Thursday, May 13, 2010

Hands-on: Steam for Mac beta versus Windows

Mac users with gaming roots are no doubt eager to load Steam for Mac when it hopefully goes public on May 12th. It will mark the first time that many of the best games in recent years will be available for the Mac and could catch the platform up to Windows in grand fashion. MacNN and Electronista have had the opportunity to participate in the beta and can give a clue as to whether or not it will be worth the wait -- as well as a test to see if it's worth abandoning that Boot Camp partition.
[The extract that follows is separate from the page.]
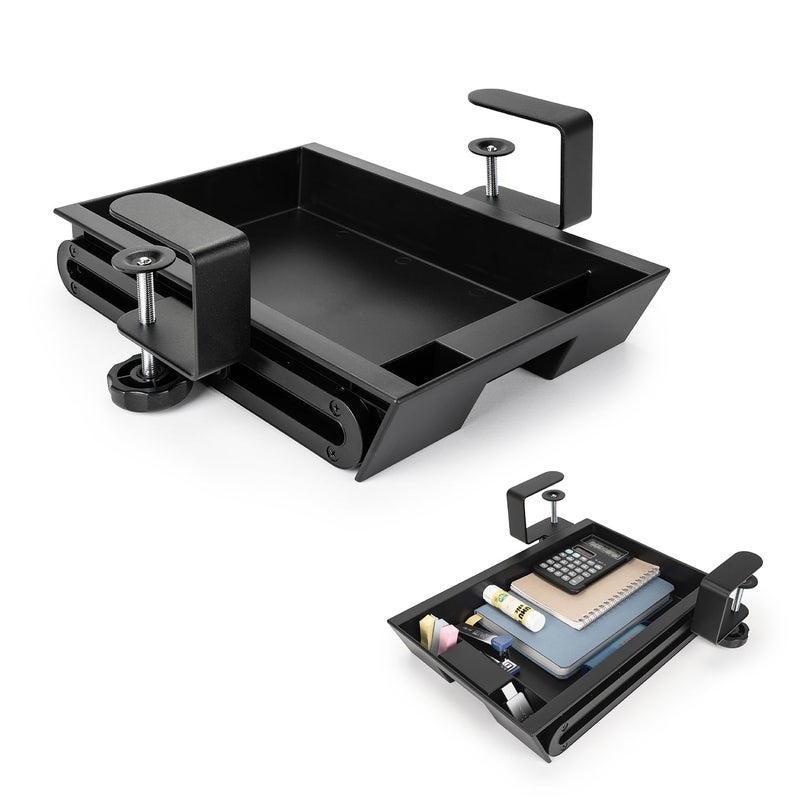 EHO Under Desk Slide-Out Storage Drawer, Small 11.7"x8.2" Pull-Out Organizer with Smooth Sliding Rail, Adjustable C-Clamp Mount, Black Tray for Home Office & Standing Desk - Image 1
An introduction and the non-game UI

For those who aren't familiar with Steam, the best analogy is to think of it as an Xbox Live (or really, Games for Windows) for computers that isn't attached to Microsoft. You can not only communicate and play with friends but buy games and earn achievements. While you can play games offline if necessary, it works best as an online system with invitations and updates on what friends are playing. The purchasing system is often considered an extra perk: since your purchases are tied to your account and not your computer, you never have to worry about your Steam-based games if you have to blank your hard drive or forget to migrate your games to a new computer.

Those who've used the Windows version will be forgiven for experiencing a certain degree of deja vu. Apart from a much simpler install process (it literally is a matter of drag and drop), the interface is virtually a one-for-one match to the updated UI in the Windows version. That's not necessarily a bad thing. We would argue that the store could be better organized around new releases and other top sellers, and that the library could make it quicker to get to your favorite games, but it's straightforward.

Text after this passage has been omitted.